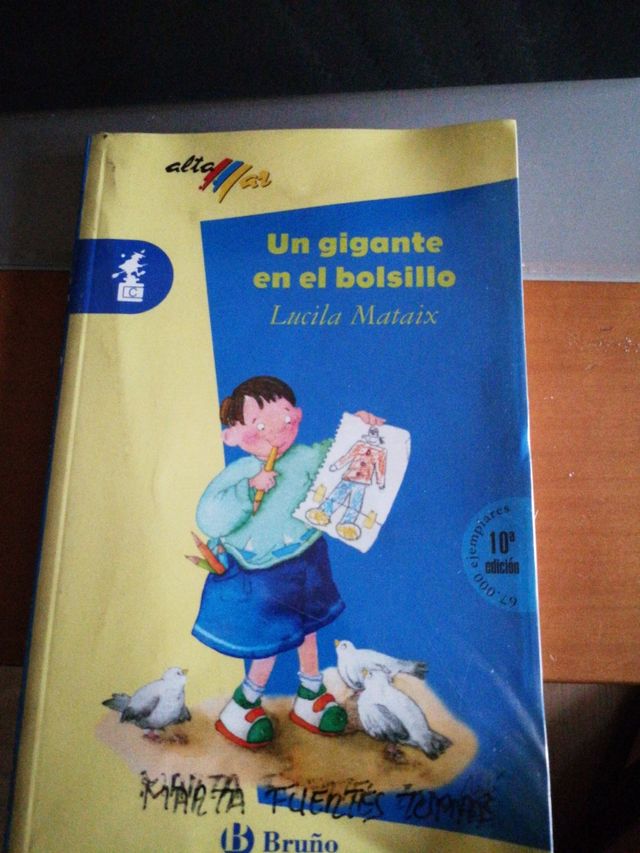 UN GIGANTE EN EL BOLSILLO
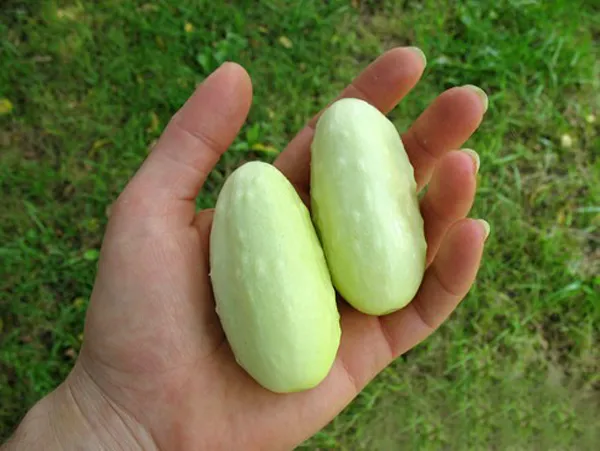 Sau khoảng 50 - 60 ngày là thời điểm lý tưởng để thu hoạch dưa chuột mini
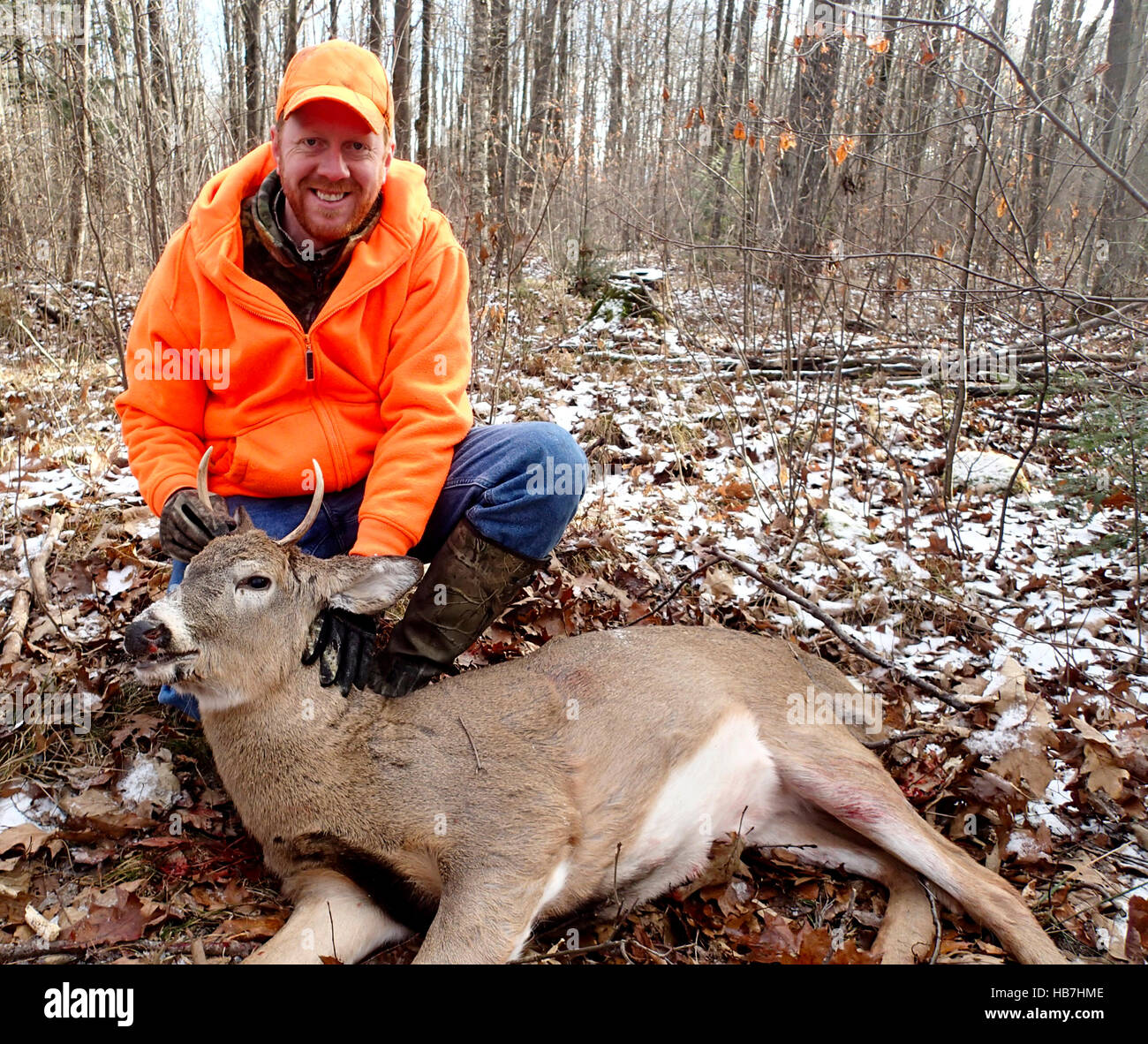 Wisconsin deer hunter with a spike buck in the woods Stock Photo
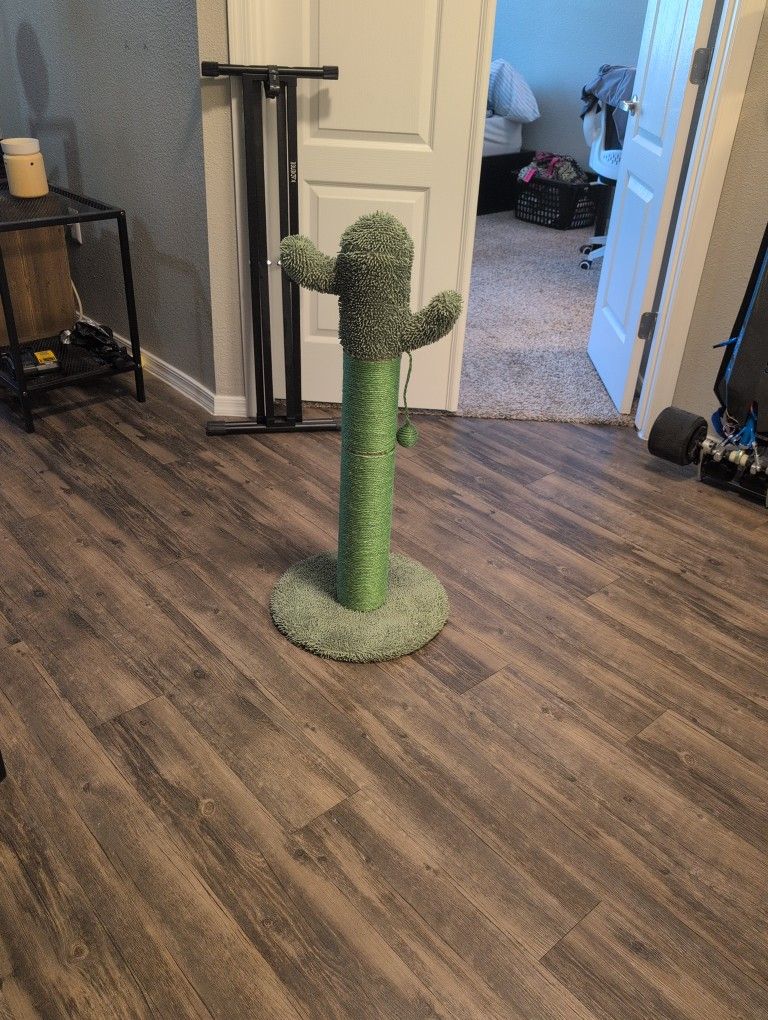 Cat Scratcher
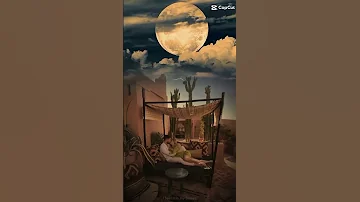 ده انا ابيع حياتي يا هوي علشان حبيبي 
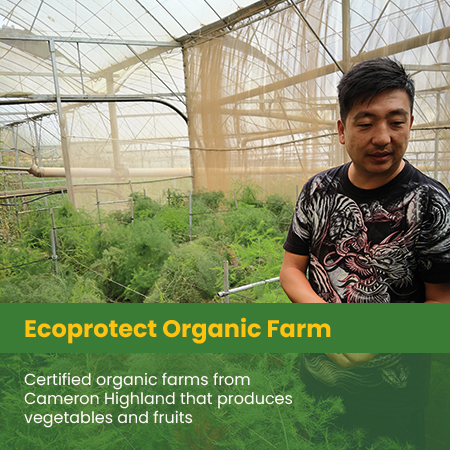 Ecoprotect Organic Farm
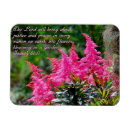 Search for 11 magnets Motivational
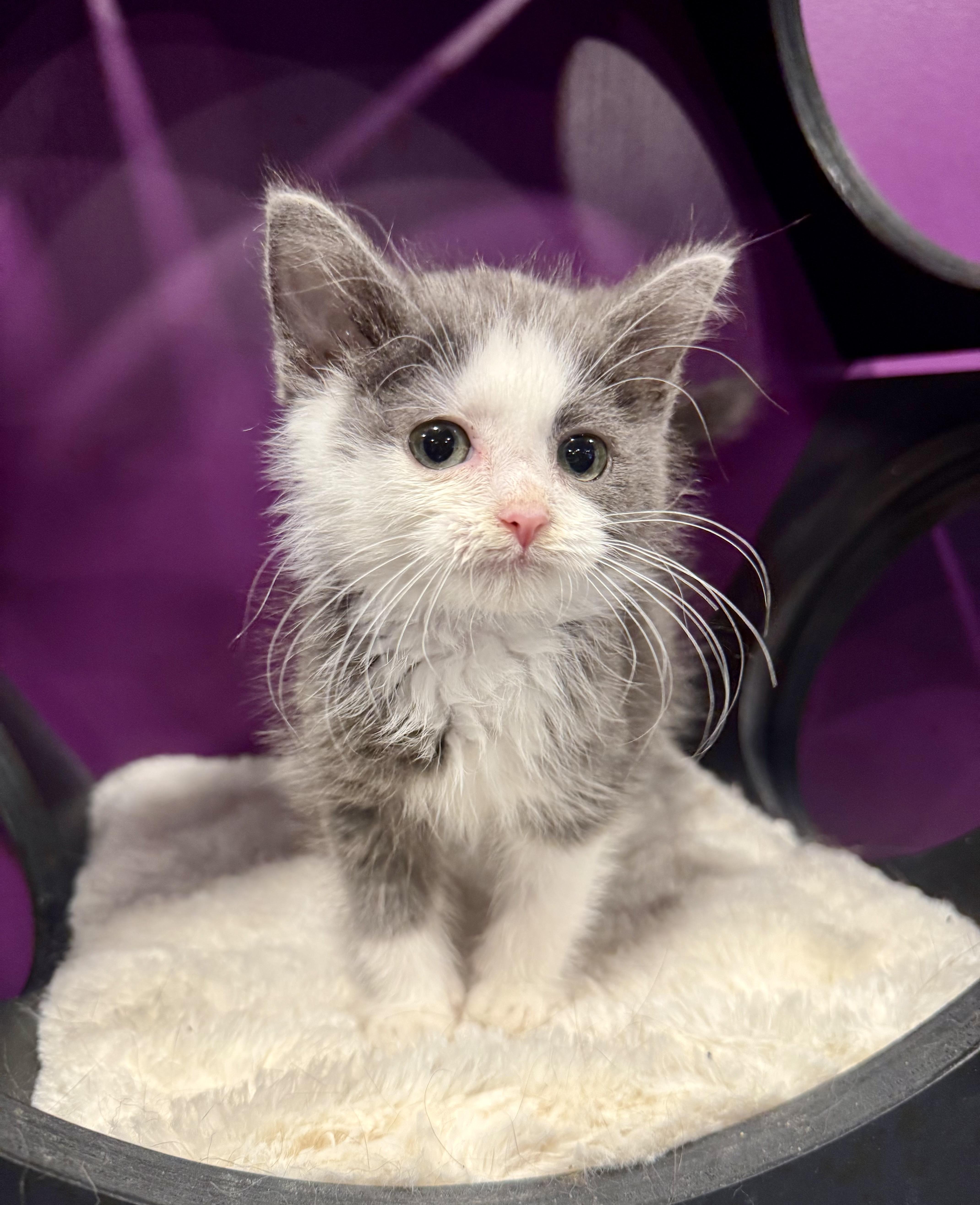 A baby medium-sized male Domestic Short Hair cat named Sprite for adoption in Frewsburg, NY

----------

__Activity__:
Could you output the lines above exactly, with no pictures included?

__Solution to this task__:
 UN GIGANTE EN EL BOLSILLO
 Sau khoảng 50 - 60 ngày là thời điểm lý tưởng để thu hoạch dưa chuột mini
 Wisconsin deer hunter with a spike buck in the woods Stock Photo
 Cat Scratcher
 ده انا ابيع حياتي يا هوي علشان حبيبي 
 Ecoprotect Organic Farm
 Search for 11 magnets Motivational
 A baby medium-sized male Domestic Short Hair cat named Sprite for adoption in Frewsburg, NY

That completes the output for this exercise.